Un logement privé sur cinq à Saint-Denis

Autour de lui, c'est aussi un meuble de cuisine aux portes défoncées, des vêtements entassés dans des cartons gondolés. Des médicaments contre le stress, des arrêts maladie dispersés. L'habitat indigne pourrait concerner au minimum 600.000 logements en France, estime la Fondation Abbé Pierre, qui a mis en lumière ce fléau dans son rapport annuel. À Saint-Denis, ville populaire de Seine-Saint-Denis qui accueillera cet été plusieurs épreuves des Jeux olympiques, un logement privé sur cinq serait insalubre, soit 4.500 habitations environ, selon la mairie.

Belkheir affirme que sa propriétaire a toujours refusé de financer des travaux. Et désormais, "elle veut que je dégage", grince-t-il. Contactée, cette dernière a affirmé à l'AFP avoir déjà effectué plusieurs réparations à sa charge dans l'appartement, que son locataire se devait d'"entretenir" et non de "détruire".
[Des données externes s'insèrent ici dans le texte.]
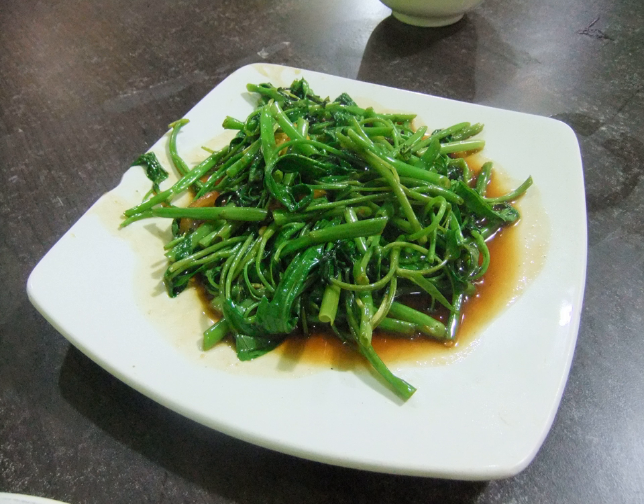Kangkung in Indonesia and kangkong in Malaysia refer to water spinach. In Indonesian, tumis kangkung means stir-fried water spinach.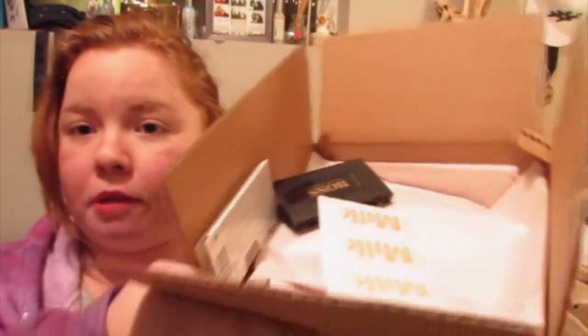The first thing on top of the box is Milk Makeup — it's the Sunshine Skin Tint. It's got SPF 30 and shades from fair all the way to medium. It's a foundation that's supposed to nourish and hydrate your skin while providing sheer, buildable, natural coverage. That would be cool to try — I haven't tried any Milk products before.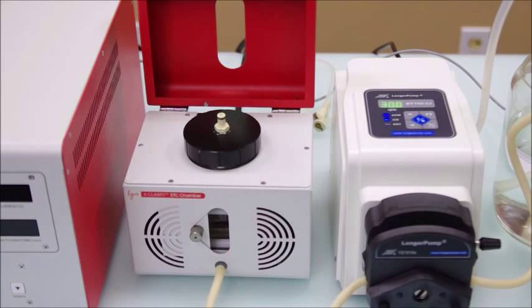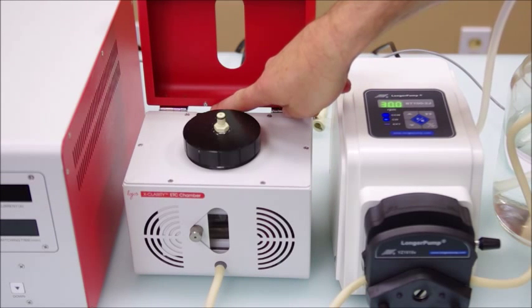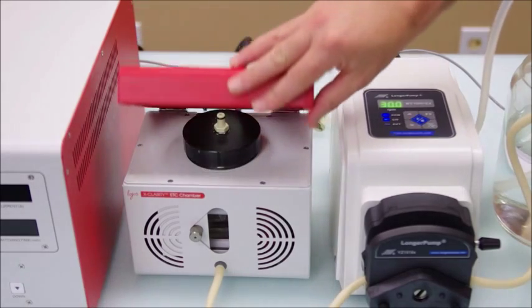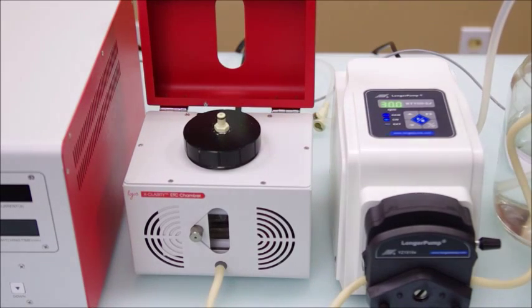A few notes before we begin. First, always fill and drain the chamber primarily using the pump. The chamber has a switch that detects if the chamber lid is open or closed. If this lid is open, or the switch becomes encrusted with chemicals, the controller will shut off and the clearing will not take place. To prevent any spills, this is why the chamber is filled and drained with the pump.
"Après l'arrêté d'insalubrité, beaucoup de propriétaires laissent le temps filer. Il suffit d'attendre un nouveau locataire, et là on repart à zéro", commente auprès de l'AFP Manuel Domergue, directeur des études de la Fondation Abbé Pierre.

Belkheir rêve d'un appartement "normal, comme tout le monde": "une cuisine à part, une salle de bain propre, une chambre pour moi et un petit balcon pour mon chien". Mais aujourd'hui, "j'ai toqué à toutes les portes", dit-il. Ses demandes de logement social se soldent toujours d'un refus, lui qui se dit dorénavant prêt à déménager "n'importe où". "Je ne veux pas mourir ici", lâche-t-il, le regard tendre vers son vieil animal.
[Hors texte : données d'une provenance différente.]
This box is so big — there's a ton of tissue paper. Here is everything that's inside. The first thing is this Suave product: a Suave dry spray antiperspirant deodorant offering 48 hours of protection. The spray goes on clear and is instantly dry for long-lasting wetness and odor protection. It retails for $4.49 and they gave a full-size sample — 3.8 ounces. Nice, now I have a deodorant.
"Les collectivités n'ont pas assez de puissance pour aller plus vite"

En France, 2,6 millions de ménages sont dans l'attente d'un logement social, rappelle Manuel Domergue. Face à la pénurie, ils sont nombreux à se tourner vers le marché le "moins cher", à savoir celui en mauvais état, jusqu'aux marchands de sommeil. À Saint-Denis, 850 logements insalubres, essentiellement en centre-ville, sont en cours de rénovation ou de reconstruction. Un projet qui s'étalera sur 20 ans, selon le maire PS de cette ville de plus de 110.000 habitants, Mathieu Hanotin.
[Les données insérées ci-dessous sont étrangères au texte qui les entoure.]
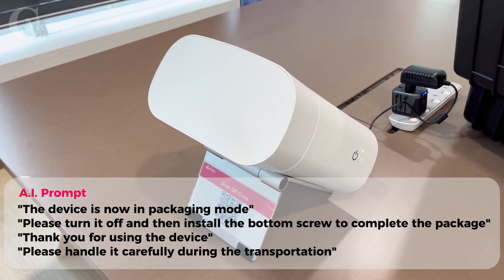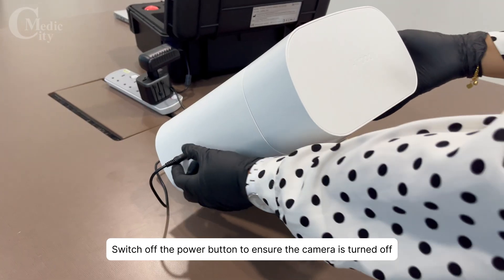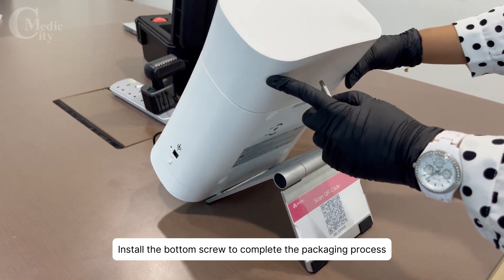Thank you for using the device. Please handle it carefully during transportation. Switch off the power button to ensure the camera is turned off. Install the bottom screw to complete the packaging process.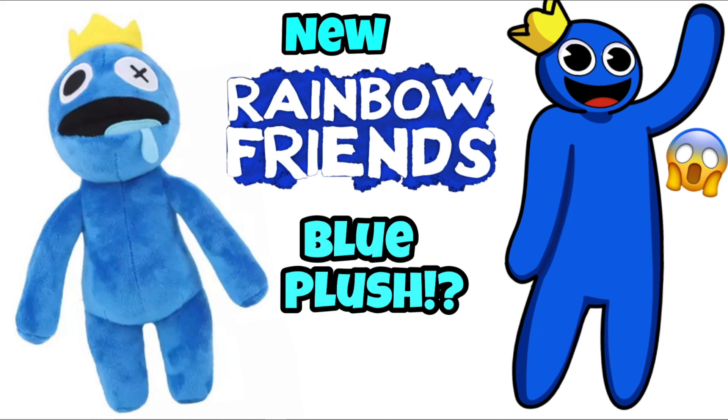Hey guys, it is me Lightning here and today I'm talking about the brand new Rainbow Friends plush. Is this real? Is it official? Well, we'll be answering it in today's video. So without further ado, let's go and hop in and see if this is real or not.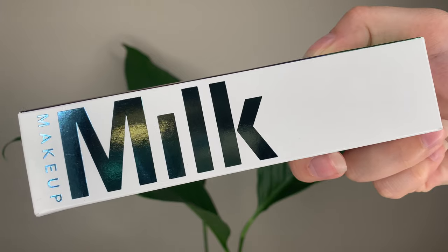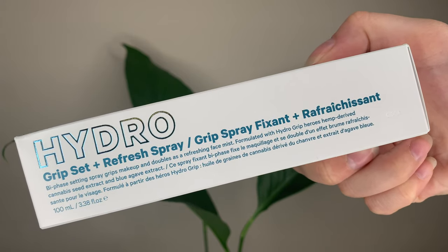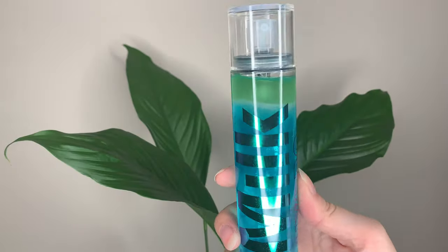Hey guys, today I have the new setting spray from Milk Makeup. This is the Hydro Grip Set and Refresh Spray. It's 48 Canadian or 36 US dollars and you get 100 mils or 3.38 ounces of product. And since it's Milk Makeup, it's a clean at Sephora product.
"Les collectivités n'ont pas assez de puissance pour aller plus vite et plus fort sur la résorption de l'habitat indigne", déplore-t-il auprès de l'AFP.

Sans compter que depuis la crise du Covid-19, beaucoup d'immeubles de la commune ont "basculé", estime-t-il.

"Saint-Denis reçoit 700.000 euros de l'État pour les services d'hygiène, alors que la municipalité paye plus de 2 millions d'euros chaque année", souligne pour sa part Manuel Domergue. "Il n'y a pas de baguette magique contre l'habitat indigne", conclut-il. Mais il faut aussi "arrêter de l'alimenter avec des mesures de coupe dans les APL, de baisse de production de HLM, d'expulsions locatives ou de maintien dans la précarité des sans-papiers".